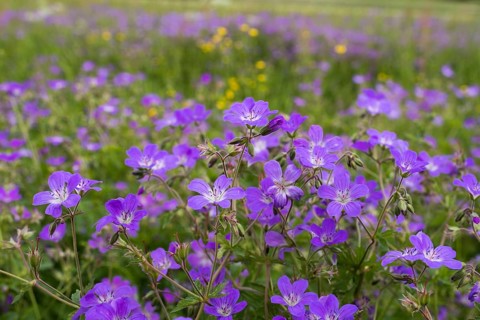 Meadow cranesbill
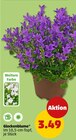 Glockenblume im Angebot bei Penny in Suhl Glockenblume Angebote bei Penny Suhl für 3,49 €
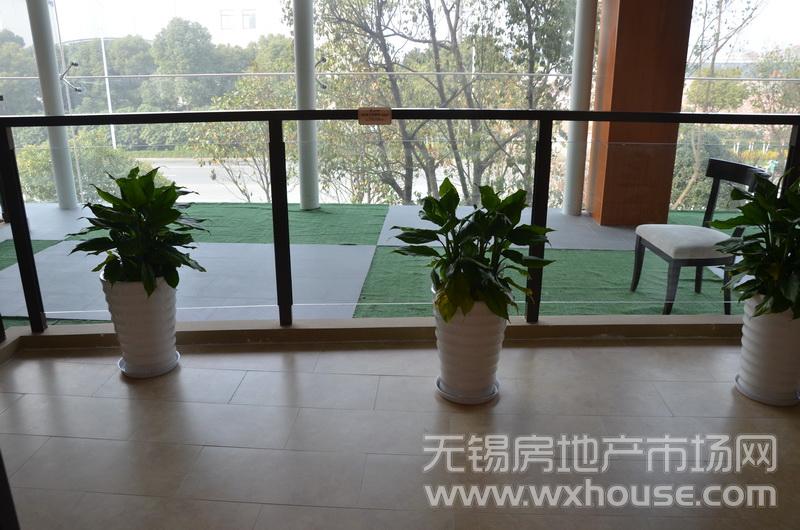 户型114平米样板房：阳台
☆ ☆ ☆ ☆ ☆ ☆ ☆
Keep the pictures out of your answer, which should be the lines from the one with "Glockenblume im Angebot" through the final line of the data, copied exactly.

_Task answer:_
 Glockenblume im Angebot bei Penny in Suhl Glockenblume Angebote bei Penny Suhl für 3,49 €
 户型114平米样板房：阳台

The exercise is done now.